This blog entry is part of my “movie year countdown”. To read more about that check out my first Spout filmblog entry.
Videodrome
I feel like I've discussed this film a fair amount already in different groups around Spout, but I'll try to do a little recap here.
I've only seen three Cronenberg movies but I get a sense from them and from hearing him and other people talk about his movies that his movies are spread out with intellectual ideas both wide and deep. And as is often a virtue in art, it is open to many different interpretations and can lead to many different fruitful discussions. But I am finding that the discussions and ideas his movies lead to are often much more interesting than the movies themselves.
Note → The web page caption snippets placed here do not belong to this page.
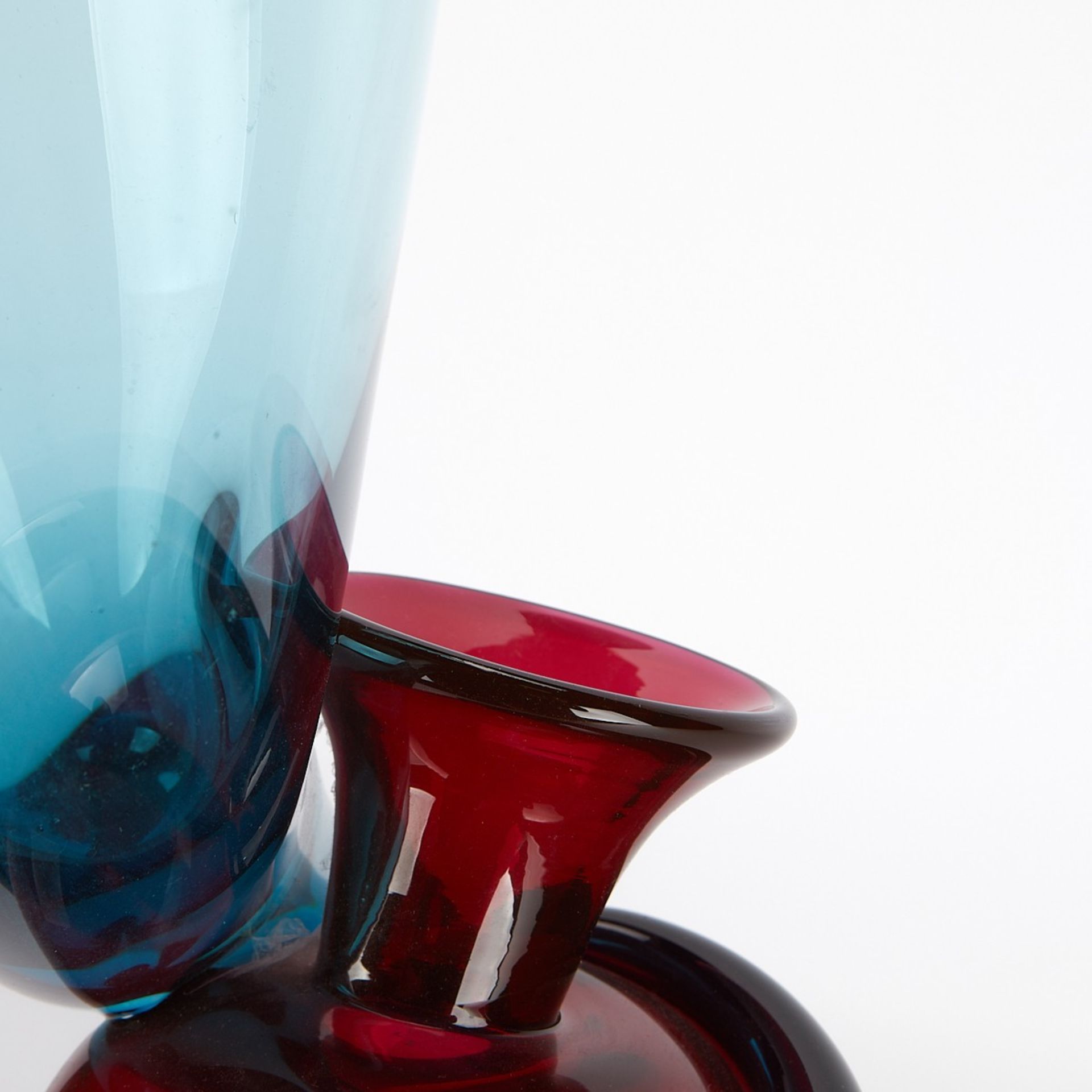Richard Royal "Relationship" Series Glass Vase - Bild 2 aus 8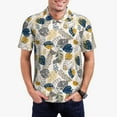 thumbnail image 3 of Balery Hawaiian Style Printed Men’s Short Sleeve Polo Shirt, Midweight Men's Shirt,Golf Polo shirts -Medium, 3 of 9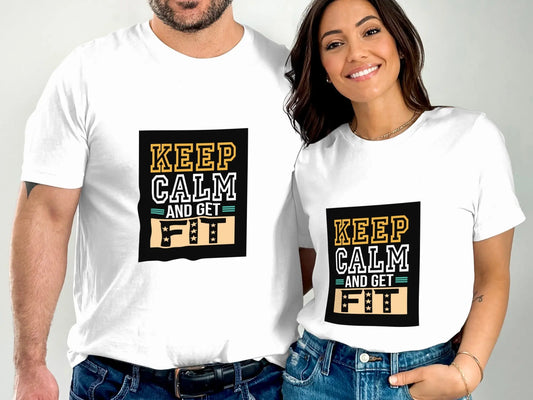 Stay Focused. Stay Fit. Stay Calm - Cotton Tshirt My Store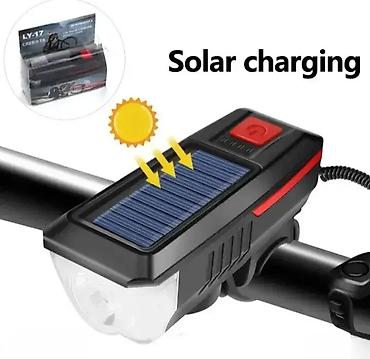 katanac sa sifrom: LED solarna lampa za bicikl sa sirenom Praktična i efikasna LED — 1
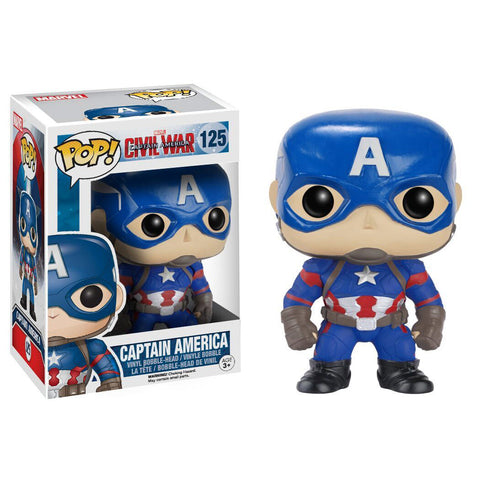 Funko POP! (125) Civil War Captain America Funko POP! (125) Civil War Captain America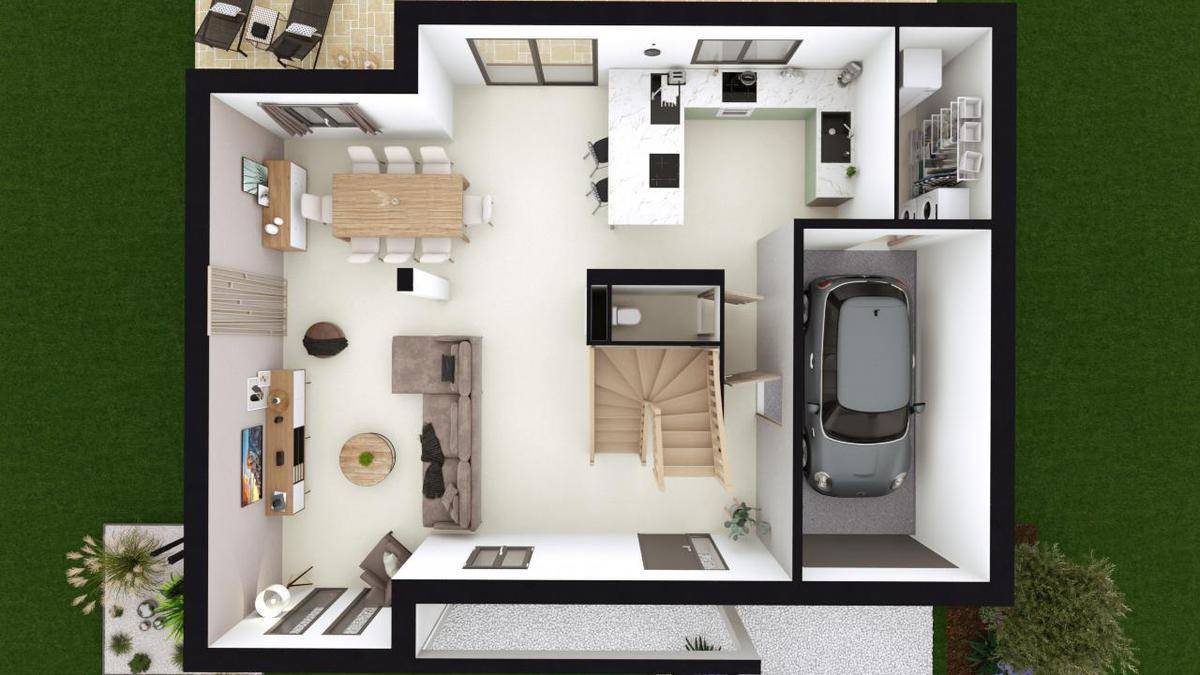Programme terrain + maison à Vigneux-sur-Seine en Essonne (91) de 400 m² à vendre au prix de 482500€ - 3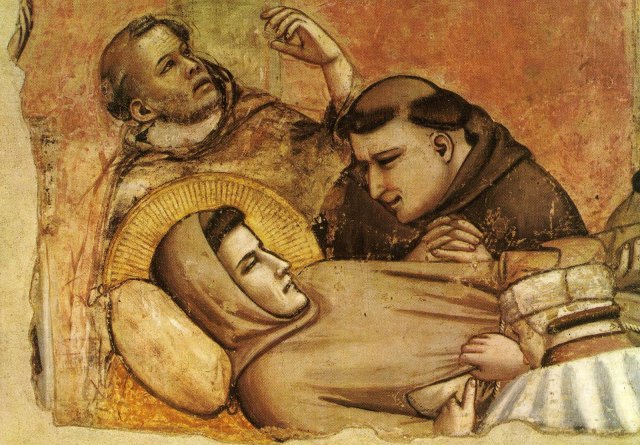 Giotto: a morte de São  Francisco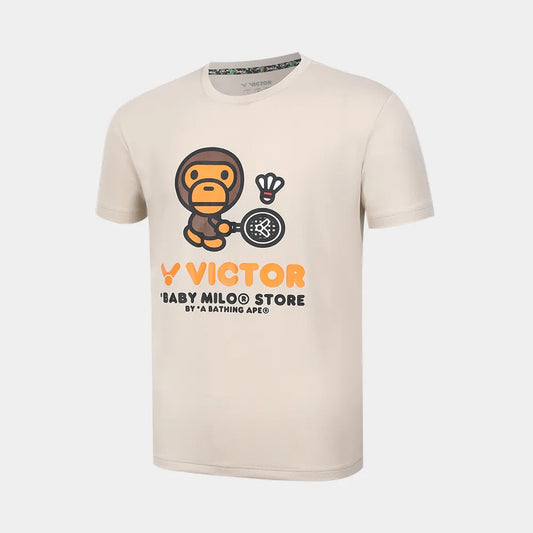 VICTOR X BABY MILO KNITTED T-SHIRT UNISEX (T-503BM V) (MILO KHAKI)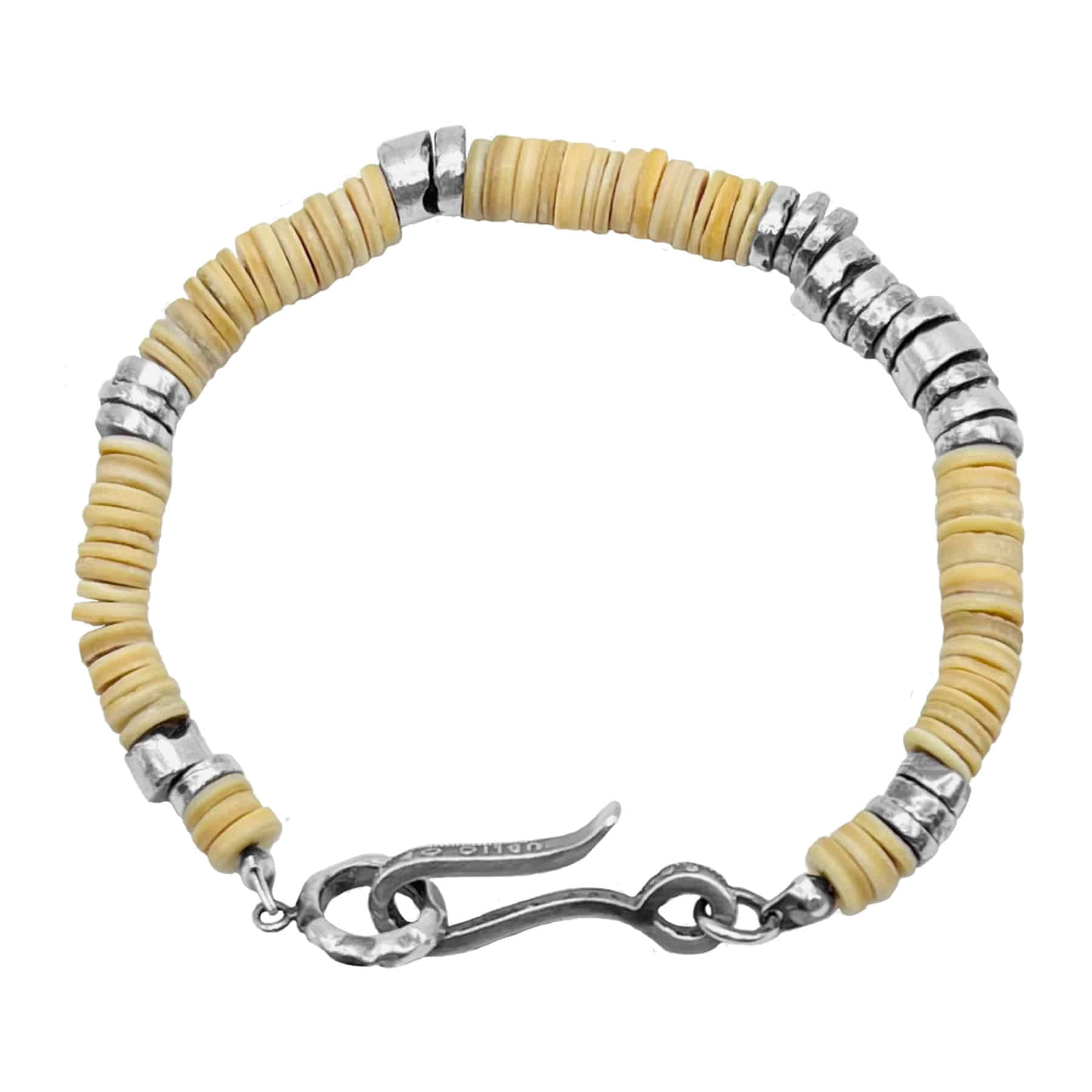 Burley Wood Shell Bracelet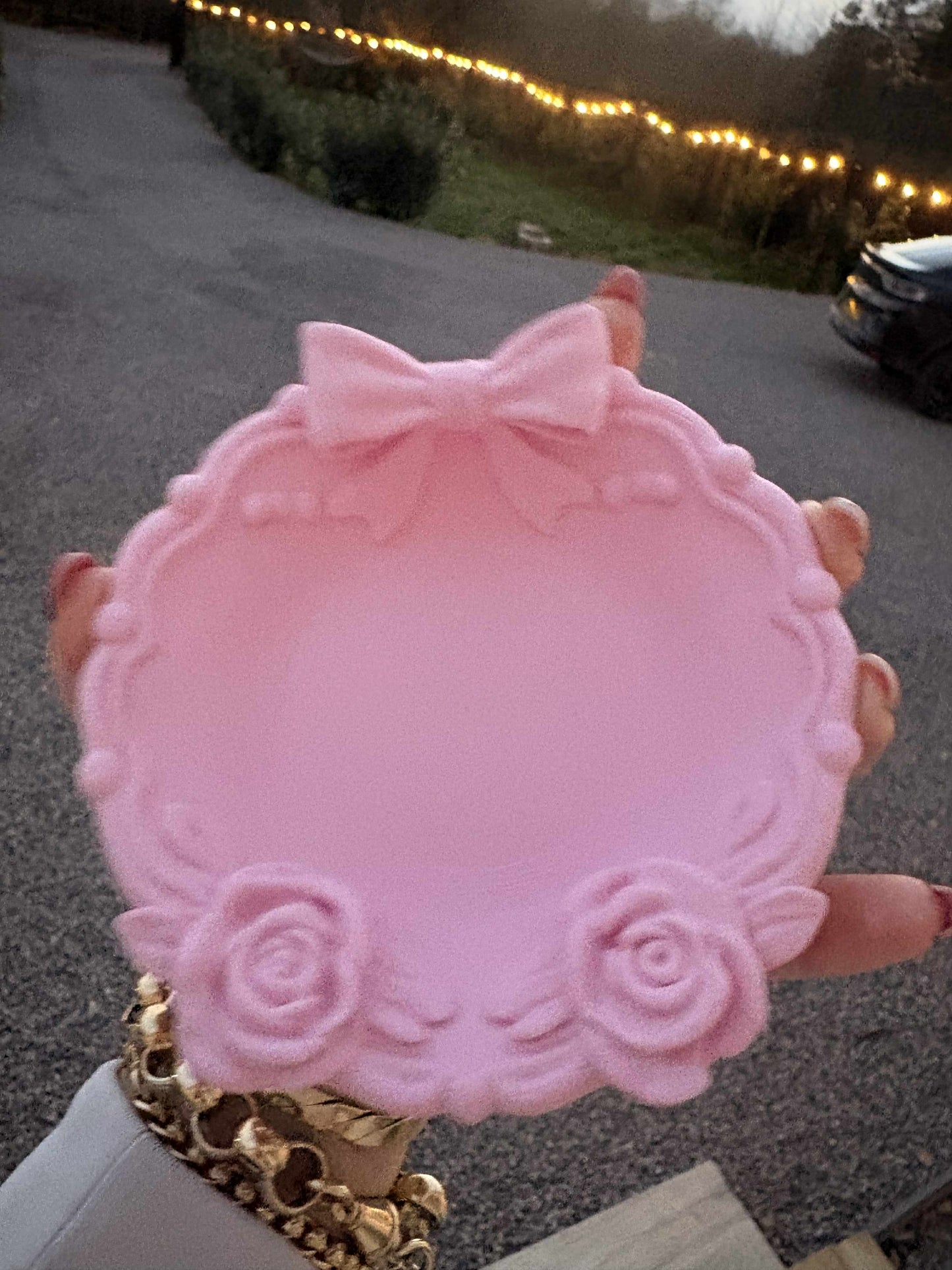 Bow & Roses Trinket Tray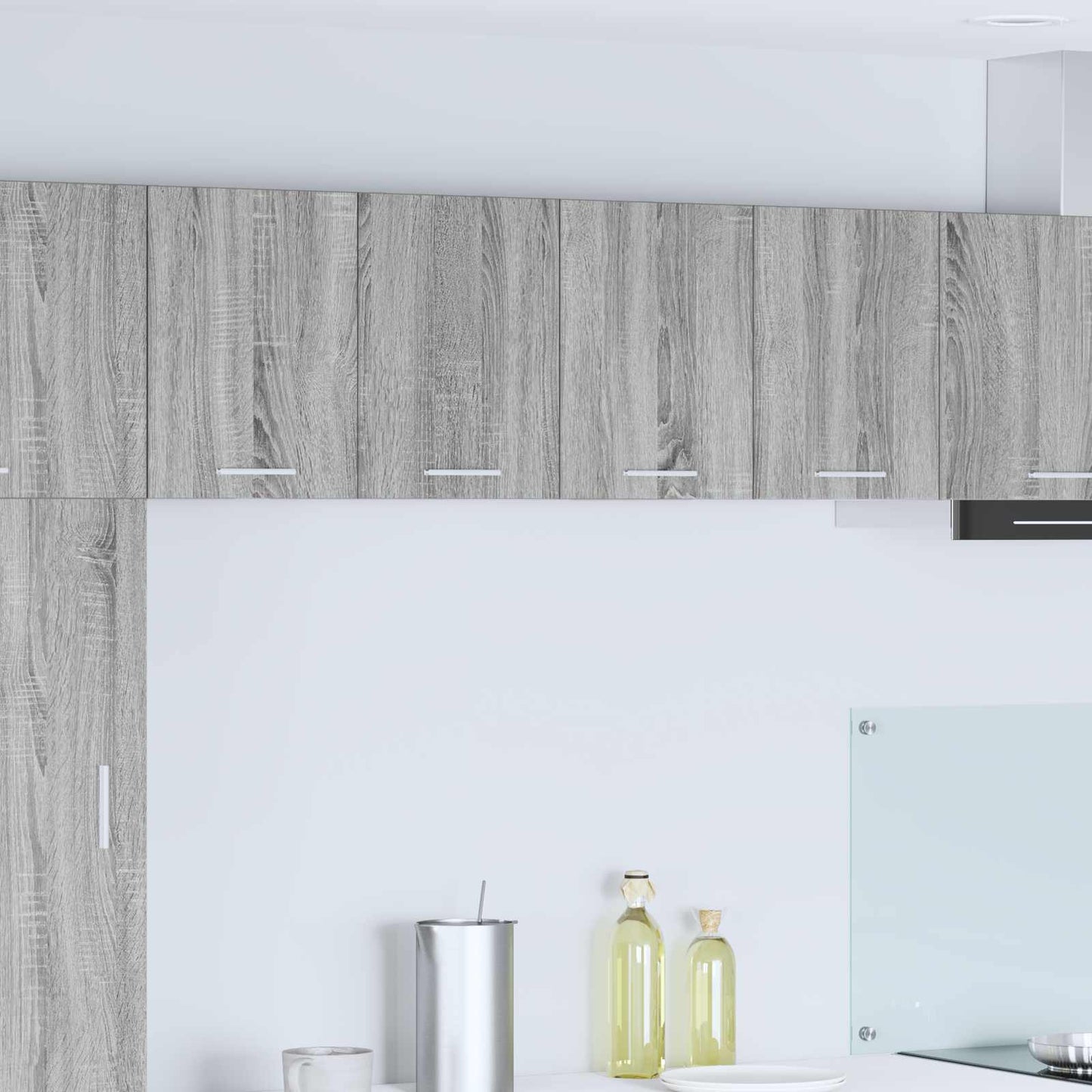 Hanging Cabinet 2 pcs Grey Sonoma and White 60 x 31 x 40 cm
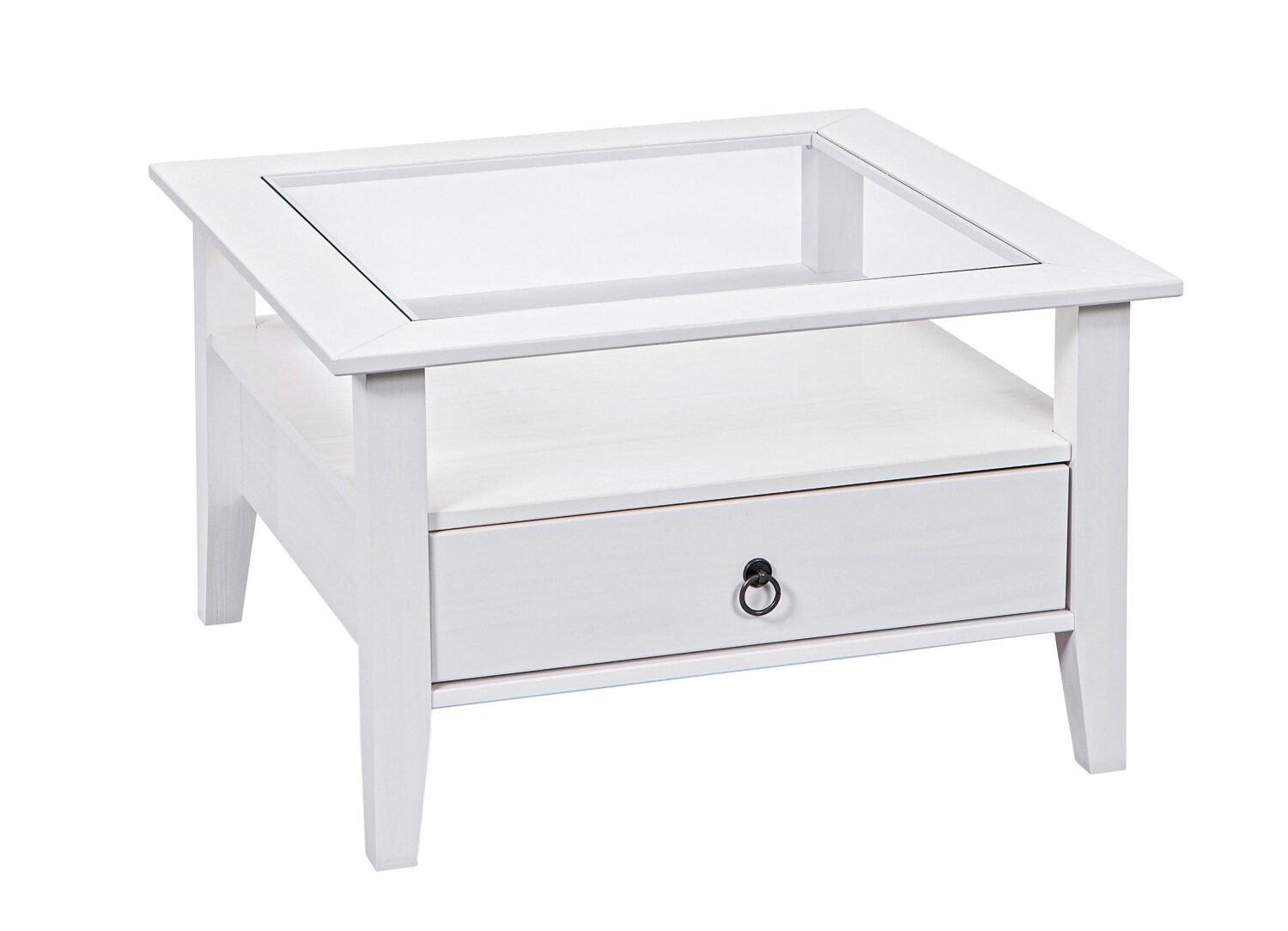 wohnli-moebel-suche-000528002701 Wohnli Möbelsuche - Couchtisch Provence ca.75x75 cm Kiefer Weiß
Do you ever find yourself talking and thinking about a filmmaker quite often, but not necessarily ranking them amongst the best or your favorites if you had to make a list? I think Cronenberg may be like this for me. Maybe also Peter Greenaway. Or even Werner Herzog. Although it is impossible for me to say I don't love Herzog.
Many people involved in Videodrome have commented on how prophetic it was. When you think about the time in which is was made, yes it is in many ways. I wonder how much of a stretch it was to prophesize the fact that technology would continue to suck us into no only a world of fantasy, but would also help turn that fantasy into a reality. Where the medium is the message. And where even our own physical being has started to become part of the technology.
I do find it horrifying in a way. I was born at a time where I am just able to remember a time when no one had heard of the internet and when having a home computer was rare. People born soon after me will not have a personal memory of what that world is like. I personally have never know what is is like to be an adult in a world without computers. And it is almost impossible for me to imagine how I would spend my time in a world where TV and computer screens are not around. That's pretty sick.
Well actually I could imagine it. And recently I have been trying to focus more on God and that he is all I really need. Technology has become a new God in our society and for future generations it will be a struggle that people are born into.
People are given instant access to what they want and because they don't even know what they want or need it often turns to a passive indulgence in all kinds of pornography, violence, and other selfish experiences. But what I find interesting is that Videodrome itself and Cronenberg's movie sometimes seem to provide these actual things. Although I am not condemning him, I find it an interesting aspect.